Silvano Spada, come ha preso la notizia di questo riconoscimento?

«Innanzitutto ringrazio l’Amministrazione comunale e tutta la città, sono ovviamente molto felice. Non mi sarei aspettato di ritrovarmi nella stessa situazione di Madre Speranza, anche lei insignita della cittadinanza onoraria, quindi la prendo come una sorta di santificazione!».

Il suo legame con Todi ha radici profonde?

«Decisamente sì, Todi appartiene alla mia vita praticamente da sempre. Da bambino mia nonna mi raccontava i bellissimi veglioni di Carnevale che si organizzavano qui, mentre la domenica mio padre mi portava spesso qui a mangiare in un ristorante. Ricordo anche le feste che si facevano il pomeriggio nelle case degli amici di allora».

Poi il vero “matrimonio” fu con il Todi Festival…

«Senza false modestie sono cosciente di aver fatto nascere una cosa importante. Ho la consapevolezza di aver portato un piccolo grande contributo allo sviluppo culturale e anche turistico di questa città, creando un evento che ha dato un contributo fondamentale alla vita del teatro in Italia».

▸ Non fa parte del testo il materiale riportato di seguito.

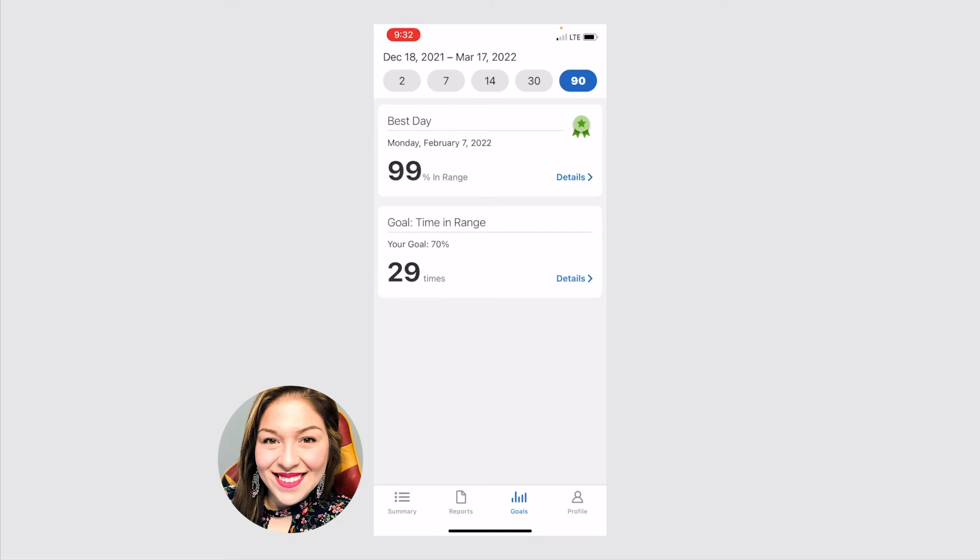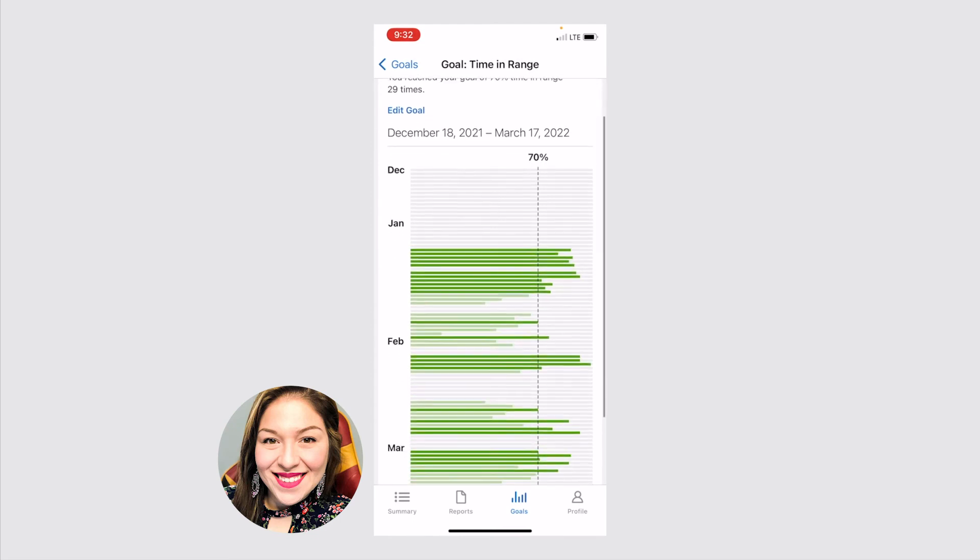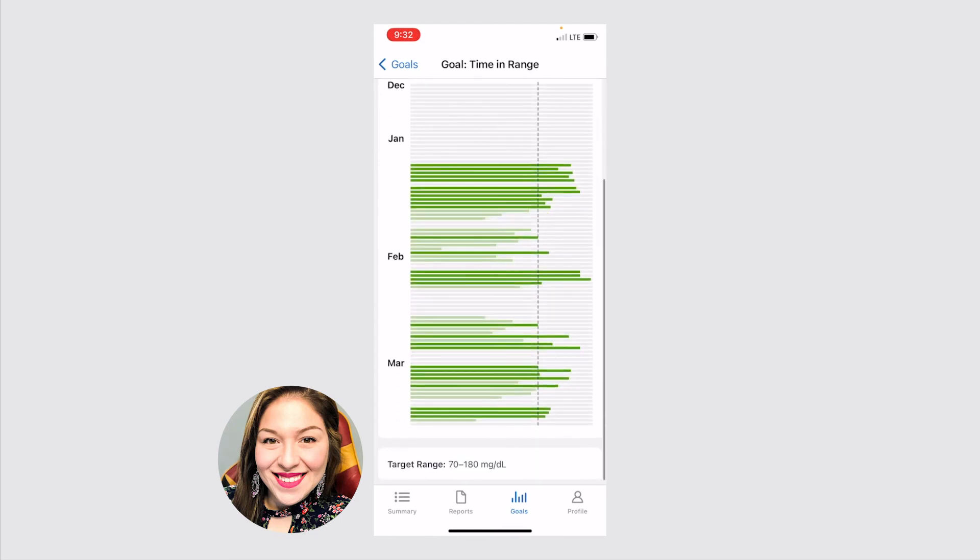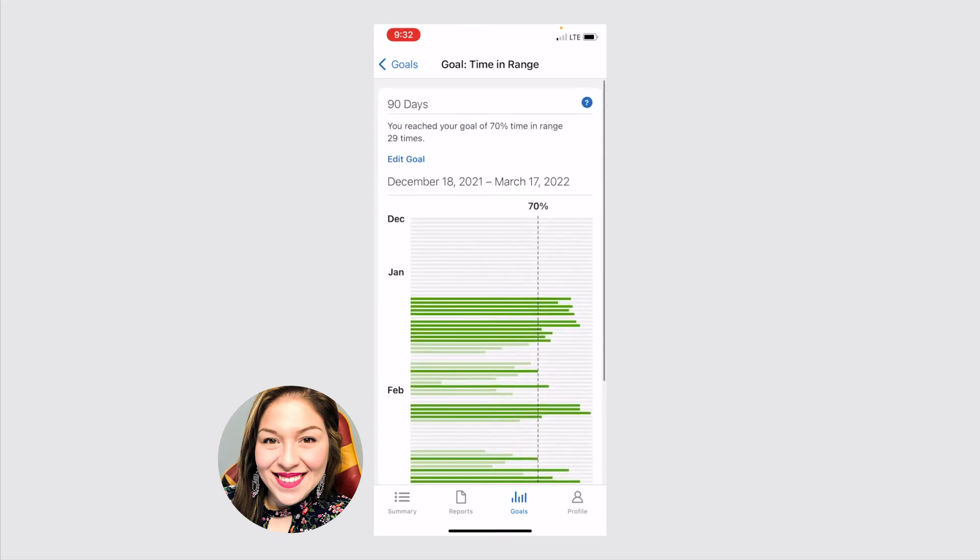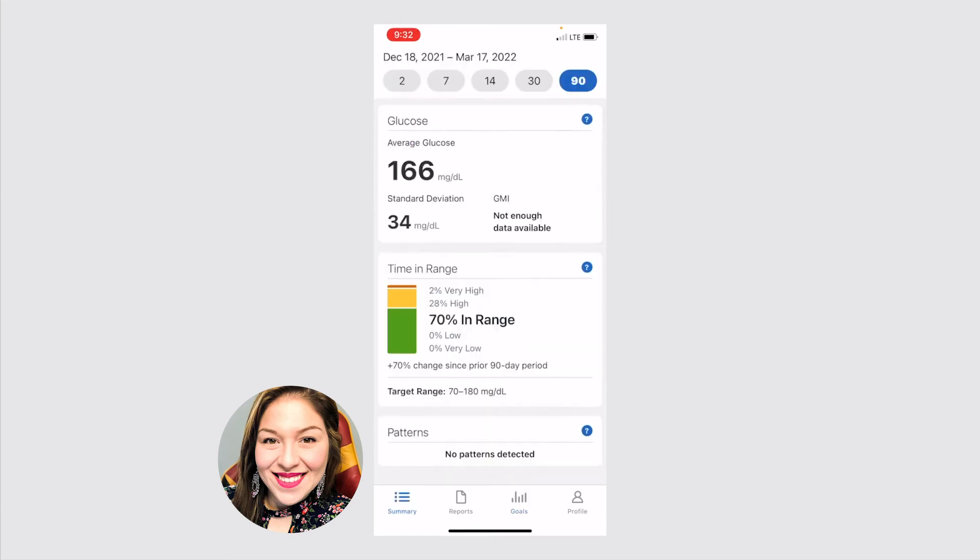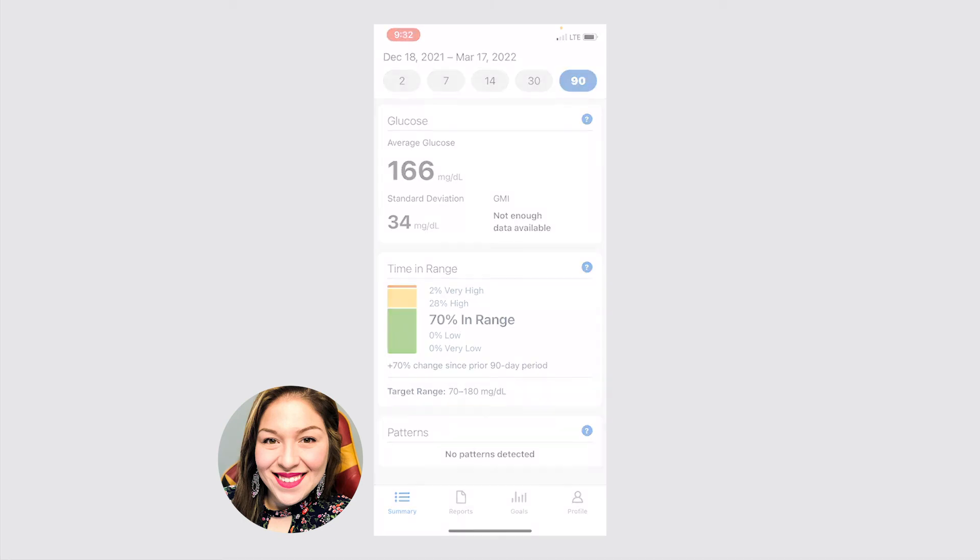If you click on details, it shows you here for the past 90 days, each line, whether you were within that range or not. So that's kind of the gist of the clarity app. It's a great way to kind of look back and see how your blood sugars have been doing and how your diabetes management is going and make any adjustments if you need to.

Come era Todi quando è nata la manifestazione?

«Ammetto che la situazione nel 1987 era nera. Il Festival rappresenta uno spartiacque, perché ha interrotto un clima molto pesante che aleggiava qui dopo la tragedia di Palazzo del Vignola. Il momento non era entusiasmante, oltre al fatto che c’erano solo un piccolo alberghino e tre ristoranti in tutto».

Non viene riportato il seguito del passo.